Hacker Newsnew | past | comments | ask | show | jobs | submitlogin
Literate programming: Two beefs with the classic version (2014) (akkartik.name)
43 points by kiyanwang on May 14, 2016 | hide | past | favorite | 33 comments


#includes are a totally broken idea. They are the canonical violation of the DRY (Don't Repeat Yourself) principle. With #includes, whenever you want to make a change in the signature of a C function you have to do it in two places. The only reason we have them at all is because early C compilers were one-pass compilers, and so they needed to have declarations spoon-fed to them in the right order so that they could run in the 64k or so of RAM that was available on the PDP-8. There is no good reason to have includes today except that the C legacy is so strong and the idea is so deeply entrenched in people's minds and in the structure of C that they are nearly impossible to get rid of.


Isn't the problem here imports in general? Imagine these examples written in a literate Haskell file .lhs: 'Let us discuss graph search... > import Control.Monad'


> Isn't the problem here imports in general?

That's a very complicated question.

In a complex world, you have to do something to establish the context in which a particular piece of code is being evaluated. It's a matter of taste whether that context establishment should come before or after the code for which the context is being established. Personally, I prefer the context establishment to come before, but reasonable people can disagree. This extends even to the language level, where you have some languages (like the C family, and Lisp) where variable bindings always precede their usage, and others like ML and Haskell, where the bindings can come after they are used.

But what I was complaining about was specific to #includes, which use a very particular (and badly broken) mechanism to establish context, namely, textual inclusion. It was a horrible hack invented to appease a brain-damaged compiler which could only deal with one file at a time. In 1970 this was an understandable engineering trade-off. In 2016, not so much. The right way to fix it is to get rid of it and replace it with something less brain-damaged rather than layering more hacks on top of it (IMHO).

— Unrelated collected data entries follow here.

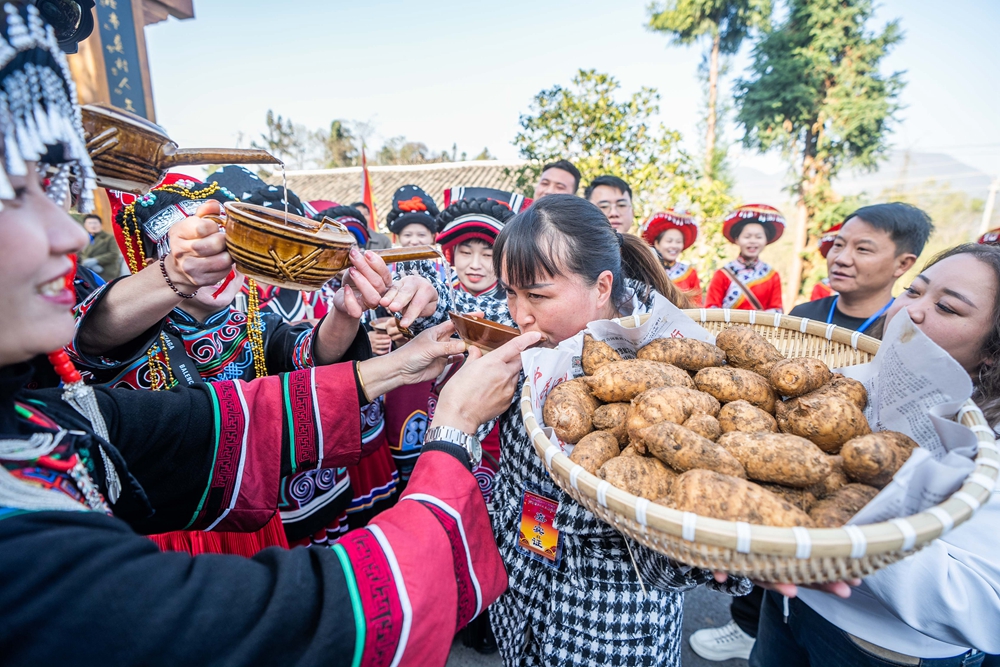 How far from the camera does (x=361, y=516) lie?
315cm

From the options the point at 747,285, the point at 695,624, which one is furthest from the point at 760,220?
the point at 695,624

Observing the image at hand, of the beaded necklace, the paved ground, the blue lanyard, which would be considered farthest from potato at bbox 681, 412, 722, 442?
the paved ground

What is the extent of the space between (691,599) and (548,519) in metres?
2.73

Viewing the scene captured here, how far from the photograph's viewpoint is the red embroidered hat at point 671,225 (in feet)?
20.9

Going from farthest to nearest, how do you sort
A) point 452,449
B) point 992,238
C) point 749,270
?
point 749,270, point 992,238, point 452,449

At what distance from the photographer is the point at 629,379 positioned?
1.45 m

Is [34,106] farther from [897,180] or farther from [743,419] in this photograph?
[897,180]

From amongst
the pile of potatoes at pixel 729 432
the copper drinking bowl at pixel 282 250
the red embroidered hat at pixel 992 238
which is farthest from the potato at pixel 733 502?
the red embroidered hat at pixel 992 238

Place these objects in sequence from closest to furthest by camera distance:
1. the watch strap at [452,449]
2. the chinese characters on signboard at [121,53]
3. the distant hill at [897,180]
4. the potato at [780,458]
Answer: the potato at [780,458] → the watch strap at [452,449] → the chinese characters on signboard at [121,53] → the distant hill at [897,180]

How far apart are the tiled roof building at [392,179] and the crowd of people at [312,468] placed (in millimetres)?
17256

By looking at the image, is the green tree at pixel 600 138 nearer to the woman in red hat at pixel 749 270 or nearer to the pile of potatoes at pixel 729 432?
the woman in red hat at pixel 749 270

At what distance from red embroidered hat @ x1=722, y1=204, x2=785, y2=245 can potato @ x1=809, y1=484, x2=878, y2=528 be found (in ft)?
19.5

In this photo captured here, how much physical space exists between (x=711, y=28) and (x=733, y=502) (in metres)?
19.7

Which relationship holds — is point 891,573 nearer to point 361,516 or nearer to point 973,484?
point 973,484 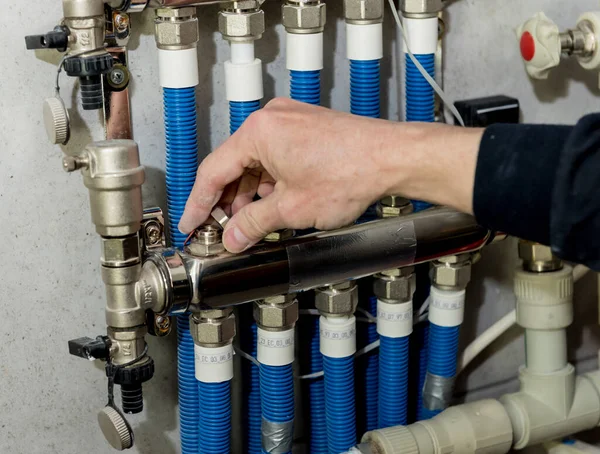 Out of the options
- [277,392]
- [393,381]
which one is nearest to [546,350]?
[393,381]

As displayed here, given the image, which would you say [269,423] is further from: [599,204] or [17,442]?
[599,204]

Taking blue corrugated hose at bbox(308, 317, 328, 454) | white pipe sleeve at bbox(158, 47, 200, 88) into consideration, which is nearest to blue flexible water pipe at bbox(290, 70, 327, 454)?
blue corrugated hose at bbox(308, 317, 328, 454)

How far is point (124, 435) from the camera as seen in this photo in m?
0.84

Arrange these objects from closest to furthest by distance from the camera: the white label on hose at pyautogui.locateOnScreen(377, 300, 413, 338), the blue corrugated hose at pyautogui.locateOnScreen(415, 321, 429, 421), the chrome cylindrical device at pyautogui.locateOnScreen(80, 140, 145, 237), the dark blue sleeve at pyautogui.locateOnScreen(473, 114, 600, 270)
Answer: the dark blue sleeve at pyautogui.locateOnScreen(473, 114, 600, 270) < the chrome cylindrical device at pyautogui.locateOnScreen(80, 140, 145, 237) < the white label on hose at pyautogui.locateOnScreen(377, 300, 413, 338) < the blue corrugated hose at pyautogui.locateOnScreen(415, 321, 429, 421)

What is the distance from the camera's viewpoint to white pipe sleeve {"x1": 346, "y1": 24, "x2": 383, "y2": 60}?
2.94ft

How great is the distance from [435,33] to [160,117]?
11.4 inches

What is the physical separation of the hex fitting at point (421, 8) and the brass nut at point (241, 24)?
163 mm

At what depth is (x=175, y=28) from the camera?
81 centimetres

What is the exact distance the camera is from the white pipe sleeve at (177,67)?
0.82 meters

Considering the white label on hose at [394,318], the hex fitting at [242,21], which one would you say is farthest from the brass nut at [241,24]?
the white label on hose at [394,318]

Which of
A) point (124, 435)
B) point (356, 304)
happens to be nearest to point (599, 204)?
point (356, 304)

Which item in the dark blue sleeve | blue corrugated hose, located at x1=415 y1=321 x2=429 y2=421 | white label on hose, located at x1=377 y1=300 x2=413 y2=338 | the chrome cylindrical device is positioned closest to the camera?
the dark blue sleeve

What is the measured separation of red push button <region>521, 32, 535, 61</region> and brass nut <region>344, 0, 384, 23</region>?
199 millimetres

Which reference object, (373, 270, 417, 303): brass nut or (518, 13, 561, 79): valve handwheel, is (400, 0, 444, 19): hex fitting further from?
(373, 270, 417, 303): brass nut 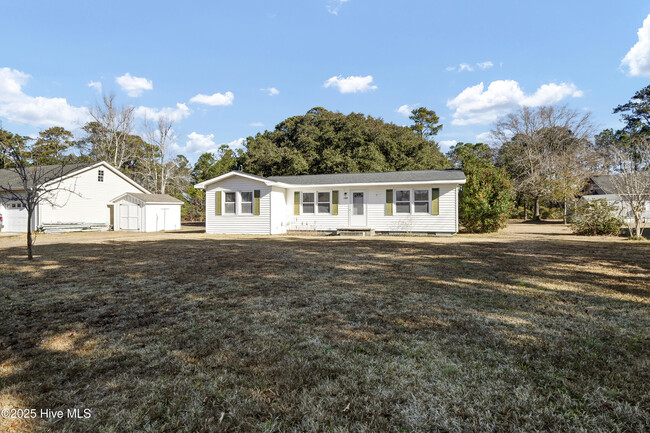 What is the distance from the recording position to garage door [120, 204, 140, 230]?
73.4ft

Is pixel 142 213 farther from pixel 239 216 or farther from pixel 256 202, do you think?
pixel 256 202

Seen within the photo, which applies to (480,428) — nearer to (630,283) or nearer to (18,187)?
(630,283)

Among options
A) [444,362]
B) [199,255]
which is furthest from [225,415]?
[199,255]

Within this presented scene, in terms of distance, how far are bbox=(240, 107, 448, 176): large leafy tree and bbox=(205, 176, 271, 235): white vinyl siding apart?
944 centimetres

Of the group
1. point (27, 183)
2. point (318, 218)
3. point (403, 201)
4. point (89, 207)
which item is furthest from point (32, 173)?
point (403, 201)

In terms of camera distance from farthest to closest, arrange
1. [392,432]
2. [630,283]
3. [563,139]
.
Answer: [563,139] < [630,283] < [392,432]

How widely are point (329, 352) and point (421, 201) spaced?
14849 millimetres

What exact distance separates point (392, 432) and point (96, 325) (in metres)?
3.62

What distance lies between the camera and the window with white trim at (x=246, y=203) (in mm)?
17719

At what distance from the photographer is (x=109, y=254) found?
385 inches

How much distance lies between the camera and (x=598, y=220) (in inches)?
603

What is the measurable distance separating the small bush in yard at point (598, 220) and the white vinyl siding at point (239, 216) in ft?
52.2

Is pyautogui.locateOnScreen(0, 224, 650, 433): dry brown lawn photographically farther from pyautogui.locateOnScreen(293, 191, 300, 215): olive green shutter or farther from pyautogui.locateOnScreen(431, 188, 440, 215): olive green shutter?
pyautogui.locateOnScreen(293, 191, 300, 215): olive green shutter

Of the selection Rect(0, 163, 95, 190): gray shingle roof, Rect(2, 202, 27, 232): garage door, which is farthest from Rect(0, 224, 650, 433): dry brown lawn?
Rect(2, 202, 27, 232): garage door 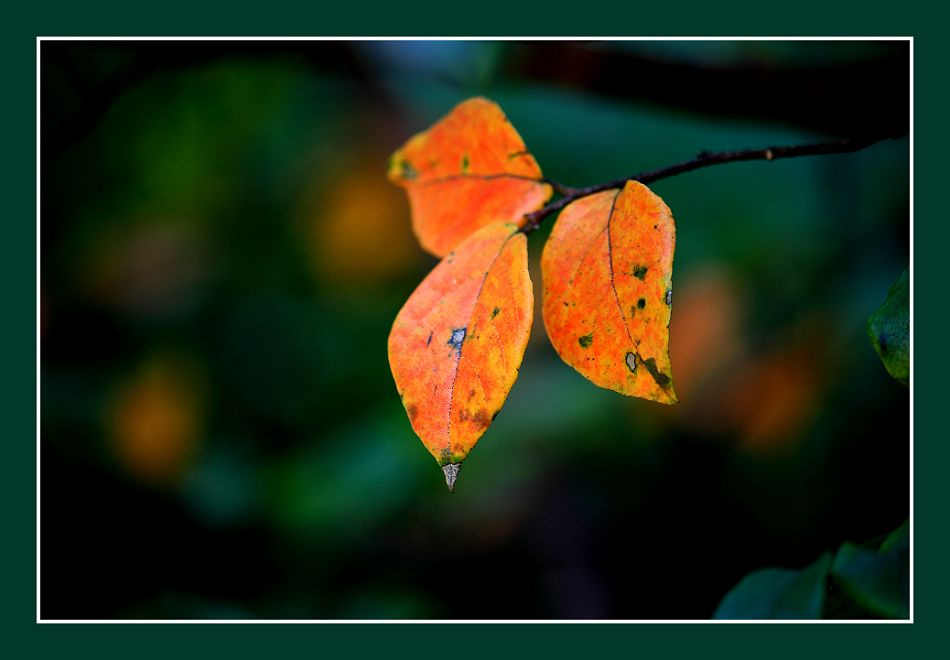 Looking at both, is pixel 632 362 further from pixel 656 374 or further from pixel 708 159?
pixel 708 159

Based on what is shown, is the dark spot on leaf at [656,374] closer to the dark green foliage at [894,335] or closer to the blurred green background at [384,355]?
the dark green foliage at [894,335]

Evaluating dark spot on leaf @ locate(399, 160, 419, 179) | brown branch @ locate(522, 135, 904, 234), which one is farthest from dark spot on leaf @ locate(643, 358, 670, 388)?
dark spot on leaf @ locate(399, 160, 419, 179)

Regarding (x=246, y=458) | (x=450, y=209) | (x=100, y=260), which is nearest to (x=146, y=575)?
(x=246, y=458)

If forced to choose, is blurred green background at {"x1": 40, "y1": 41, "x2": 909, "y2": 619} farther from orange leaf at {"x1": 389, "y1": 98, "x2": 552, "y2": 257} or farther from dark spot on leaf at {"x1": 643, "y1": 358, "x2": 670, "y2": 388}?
dark spot on leaf at {"x1": 643, "y1": 358, "x2": 670, "y2": 388}

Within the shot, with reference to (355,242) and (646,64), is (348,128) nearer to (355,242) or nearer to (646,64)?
(355,242)

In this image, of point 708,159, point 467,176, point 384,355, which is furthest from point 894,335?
point 384,355

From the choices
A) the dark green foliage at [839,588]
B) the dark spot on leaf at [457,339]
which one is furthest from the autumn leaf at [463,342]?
the dark green foliage at [839,588]

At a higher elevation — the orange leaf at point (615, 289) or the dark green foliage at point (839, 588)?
the orange leaf at point (615, 289) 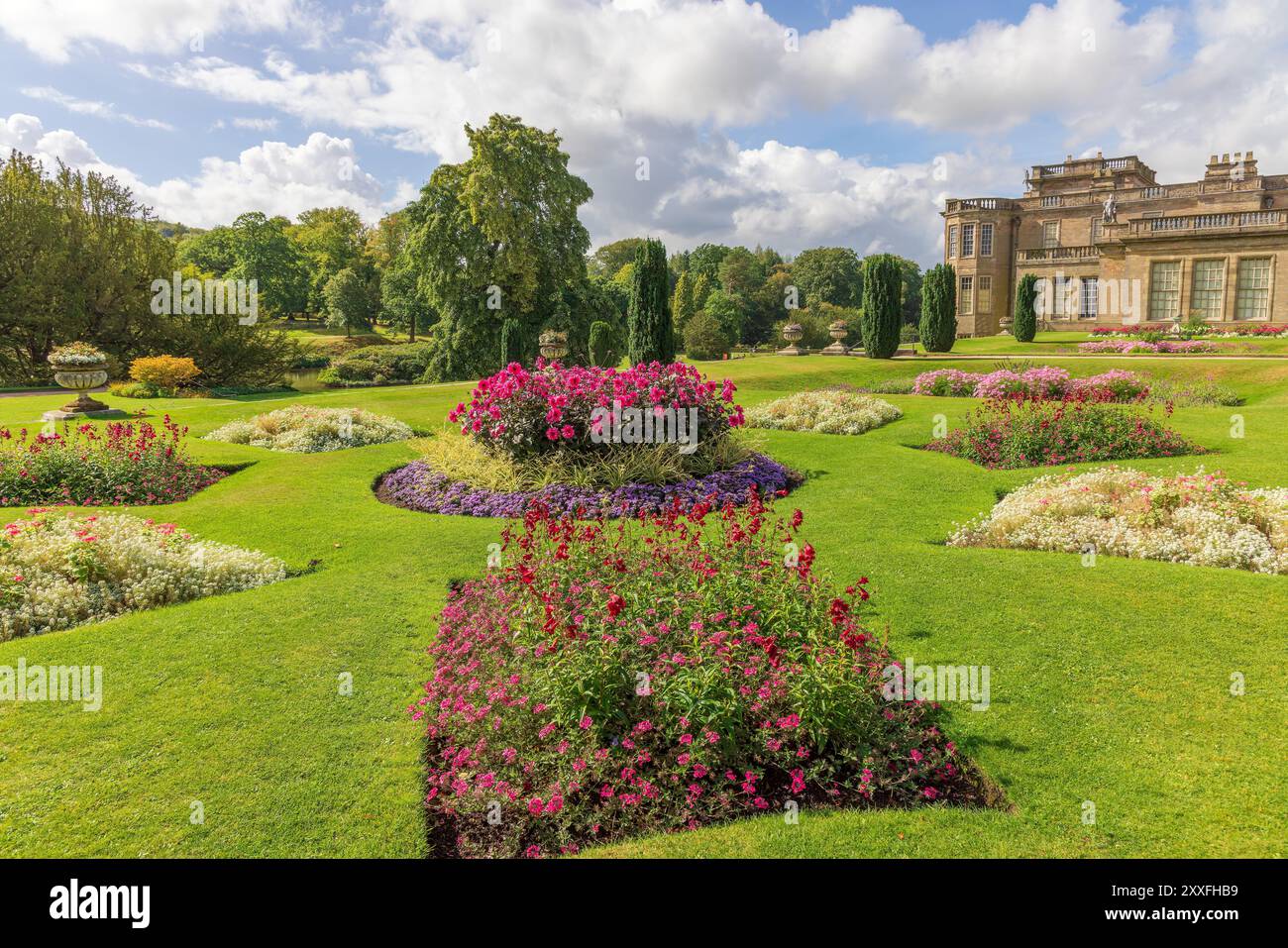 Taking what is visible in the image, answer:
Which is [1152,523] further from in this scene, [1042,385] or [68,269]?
[68,269]

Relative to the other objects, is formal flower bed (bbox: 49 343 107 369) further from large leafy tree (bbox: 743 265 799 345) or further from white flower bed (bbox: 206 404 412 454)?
large leafy tree (bbox: 743 265 799 345)

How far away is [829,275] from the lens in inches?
2675

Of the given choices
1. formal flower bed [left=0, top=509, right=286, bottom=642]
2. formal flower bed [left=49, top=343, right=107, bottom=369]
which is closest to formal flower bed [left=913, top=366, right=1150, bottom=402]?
formal flower bed [left=0, top=509, right=286, bottom=642]

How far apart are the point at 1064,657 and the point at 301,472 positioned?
34.7 feet

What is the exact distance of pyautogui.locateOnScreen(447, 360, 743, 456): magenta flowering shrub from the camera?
1008cm

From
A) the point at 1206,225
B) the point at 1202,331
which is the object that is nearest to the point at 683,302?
the point at 1206,225

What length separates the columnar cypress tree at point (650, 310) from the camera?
25.2 metres

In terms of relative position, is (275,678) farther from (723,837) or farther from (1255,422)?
(1255,422)

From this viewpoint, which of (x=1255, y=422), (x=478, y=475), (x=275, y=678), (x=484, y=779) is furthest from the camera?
(x=1255, y=422)

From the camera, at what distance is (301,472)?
451 inches

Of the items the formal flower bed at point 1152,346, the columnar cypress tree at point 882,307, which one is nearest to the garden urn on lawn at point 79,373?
the columnar cypress tree at point 882,307

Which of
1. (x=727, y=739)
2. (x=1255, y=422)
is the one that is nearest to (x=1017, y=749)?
(x=727, y=739)

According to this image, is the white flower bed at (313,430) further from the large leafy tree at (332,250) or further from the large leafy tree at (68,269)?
the large leafy tree at (332,250)

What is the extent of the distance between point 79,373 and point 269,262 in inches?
1906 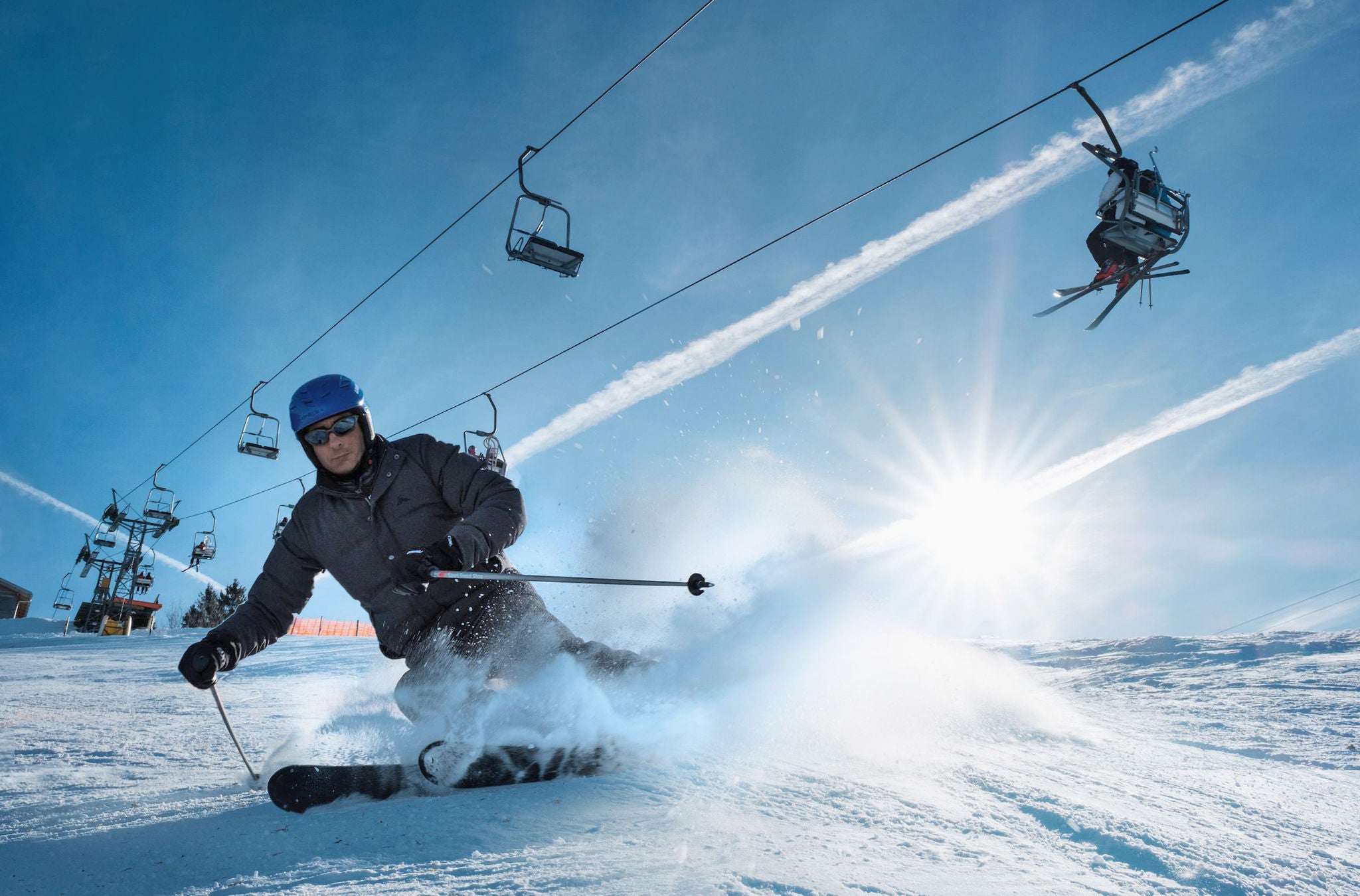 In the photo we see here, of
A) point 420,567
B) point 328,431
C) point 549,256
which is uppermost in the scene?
point 549,256

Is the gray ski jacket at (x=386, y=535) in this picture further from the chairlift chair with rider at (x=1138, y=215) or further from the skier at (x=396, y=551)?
the chairlift chair with rider at (x=1138, y=215)

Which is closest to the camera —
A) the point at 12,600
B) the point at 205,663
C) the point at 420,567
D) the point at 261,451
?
the point at 420,567

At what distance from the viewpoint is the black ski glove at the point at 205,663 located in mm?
2615

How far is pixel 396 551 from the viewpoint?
3033mm

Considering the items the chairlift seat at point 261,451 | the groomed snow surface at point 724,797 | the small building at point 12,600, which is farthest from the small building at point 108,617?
the groomed snow surface at point 724,797

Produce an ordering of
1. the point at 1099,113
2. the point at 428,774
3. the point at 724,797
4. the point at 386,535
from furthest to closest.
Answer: the point at 1099,113, the point at 386,535, the point at 428,774, the point at 724,797

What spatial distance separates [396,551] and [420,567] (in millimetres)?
713

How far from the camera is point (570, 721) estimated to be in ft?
9.31

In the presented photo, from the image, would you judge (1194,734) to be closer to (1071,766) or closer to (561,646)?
(1071,766)

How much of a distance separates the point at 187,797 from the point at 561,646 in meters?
1.48

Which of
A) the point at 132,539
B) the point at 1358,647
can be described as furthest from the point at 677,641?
the point at 132,539

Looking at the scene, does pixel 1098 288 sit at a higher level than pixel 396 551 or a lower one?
higher

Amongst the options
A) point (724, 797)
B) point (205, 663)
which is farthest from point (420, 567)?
point (724, 797)

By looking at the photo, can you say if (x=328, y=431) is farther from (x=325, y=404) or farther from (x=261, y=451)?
(x=261, y=451) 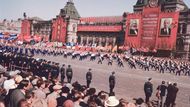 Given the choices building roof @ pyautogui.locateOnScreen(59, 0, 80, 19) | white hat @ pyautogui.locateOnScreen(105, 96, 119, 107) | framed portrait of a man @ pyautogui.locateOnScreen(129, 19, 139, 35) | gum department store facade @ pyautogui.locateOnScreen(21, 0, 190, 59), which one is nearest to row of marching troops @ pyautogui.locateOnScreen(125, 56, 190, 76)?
gum department store facade @ pyautogui.locateOnScreen(21, 0, 190, 59)

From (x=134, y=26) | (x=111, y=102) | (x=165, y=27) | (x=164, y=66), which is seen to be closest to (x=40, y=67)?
(x=111, y=102)

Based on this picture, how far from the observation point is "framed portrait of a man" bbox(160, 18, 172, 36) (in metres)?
60.4

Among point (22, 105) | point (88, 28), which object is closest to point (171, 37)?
point (88, 28)

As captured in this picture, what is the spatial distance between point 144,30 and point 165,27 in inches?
224

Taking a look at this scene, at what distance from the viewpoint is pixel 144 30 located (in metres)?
66.2

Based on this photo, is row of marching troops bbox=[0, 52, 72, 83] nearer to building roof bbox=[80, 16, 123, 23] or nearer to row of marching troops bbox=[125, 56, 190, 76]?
row of marching troops bbox=[125, 56, 190, 76]

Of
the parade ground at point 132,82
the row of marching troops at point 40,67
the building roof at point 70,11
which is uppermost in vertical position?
the building roof at point 70,11

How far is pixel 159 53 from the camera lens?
2434 inches

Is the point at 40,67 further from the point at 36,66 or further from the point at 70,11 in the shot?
the point at 70,11

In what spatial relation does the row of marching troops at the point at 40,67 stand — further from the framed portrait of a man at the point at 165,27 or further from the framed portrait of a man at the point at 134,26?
the framed portrait of a man at the point at 134,26

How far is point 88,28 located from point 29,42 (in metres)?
16.9

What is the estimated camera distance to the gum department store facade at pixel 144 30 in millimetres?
60125

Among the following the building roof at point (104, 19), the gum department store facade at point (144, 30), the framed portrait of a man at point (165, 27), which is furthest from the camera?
the building roof at point (104, 19)

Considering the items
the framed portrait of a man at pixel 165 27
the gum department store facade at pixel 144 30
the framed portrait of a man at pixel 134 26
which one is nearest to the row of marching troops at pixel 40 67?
the gum department store facade at pixel 144 30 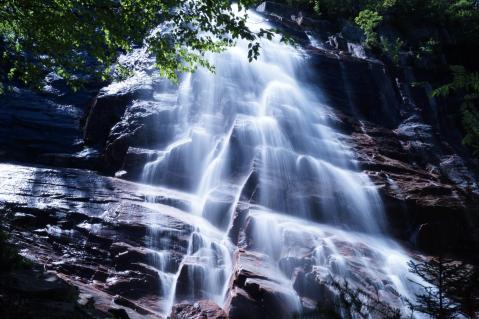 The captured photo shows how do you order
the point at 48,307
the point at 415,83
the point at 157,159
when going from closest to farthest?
the point at 48,307, the point at 157,159, the point at 415,83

Note that in Knuth's formulation of literate programming, you could freely reorder the program source. So those imports needn't be at the start of the literate program - they could be off in a parenthetical appendix.


Which basically nulls one half of the beef this blog post has re canonizing typesetting over organization.


Hey, give me some credit here. My beef wasn't that CWeb doesn't let you reorder code. I was talking about policy rather than mechanism, that the ability of CWeb wasn't being put to best use.


Can't blame me for misunderstanding when you have clearly written:

>These are systems that focus on generating beautifully typeset documentation without allowing the author to arbitrarily order code.

As CWEB does allow the author to arbitrarily order code.

There's also this statement:

>I speculate that nobody has actually read anybody else's literate programs in any sort of detail.

Which suggests you yourself have never read any literate programs in detail. Thankfully this statement is provably false as the MMIX Group at MUAS exist? = true so I can merely comment that buggy line out and read the second half of your argument without it being entirely invalidated.


> "These are systems that focus on generating beautifully typeset documentation without allowing the author to arbitrarily order code."

The previous sentence was: "When I look around at the legacy of literate programming, systems to do so-called semi- or quasi-literate programming dominate." Semi- or quasi- being intended to distinguish with classic literate programming as in CWeb.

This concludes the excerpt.